• _Raw data_:
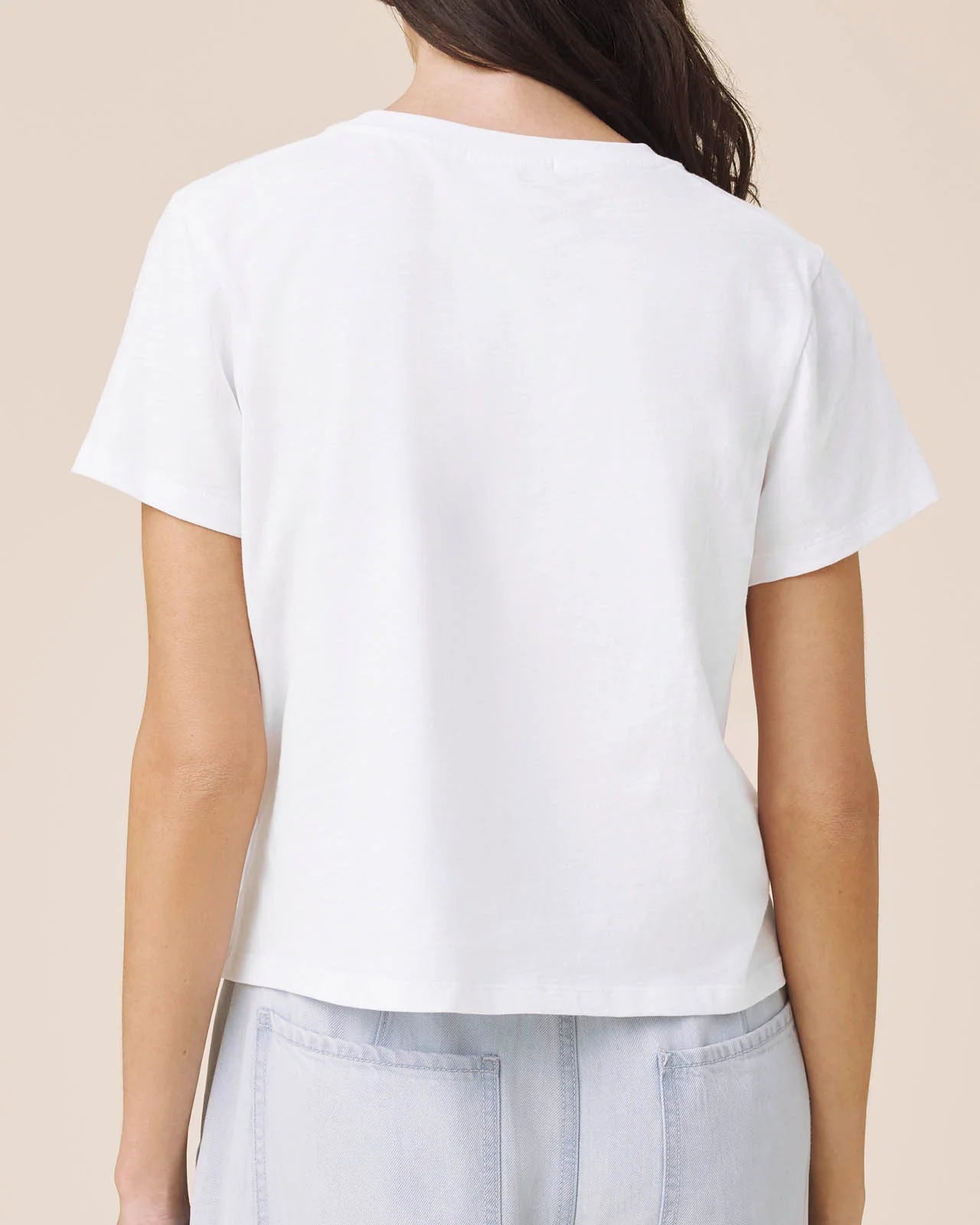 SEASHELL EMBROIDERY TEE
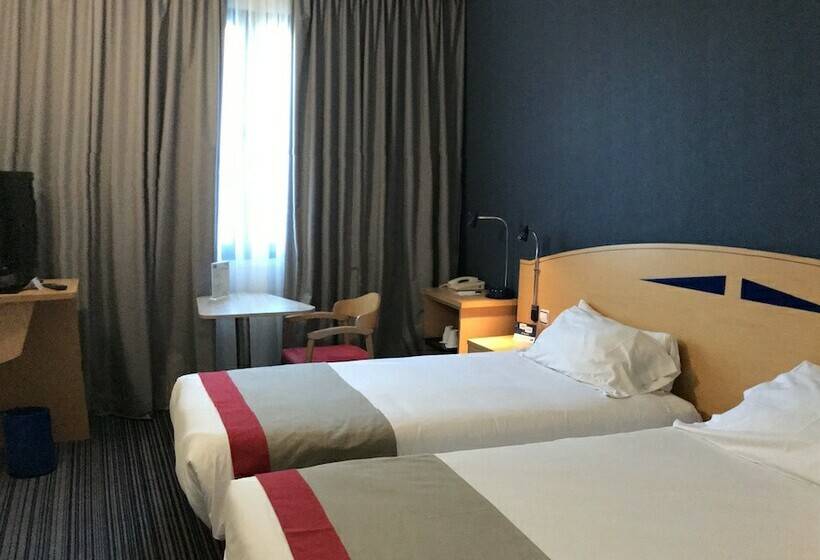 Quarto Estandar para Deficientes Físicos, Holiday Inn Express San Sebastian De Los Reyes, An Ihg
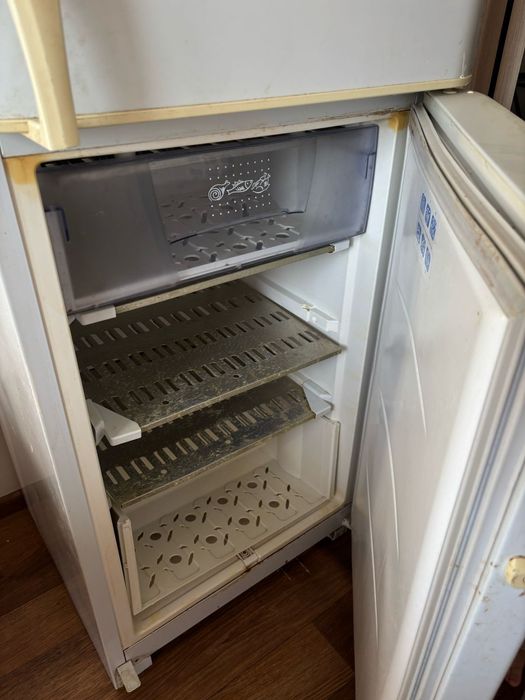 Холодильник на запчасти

• _Problem description_: The material above is to be set down exactly, with pictures removed.

• _Reply_:
 SEASHELL EMBROIDERY TEE
 Quarto Estandar para Deficientes Físicos, Holiday Inn Express San Sebastian De Los Reyes, An Ihg
 Холодильник на запчасти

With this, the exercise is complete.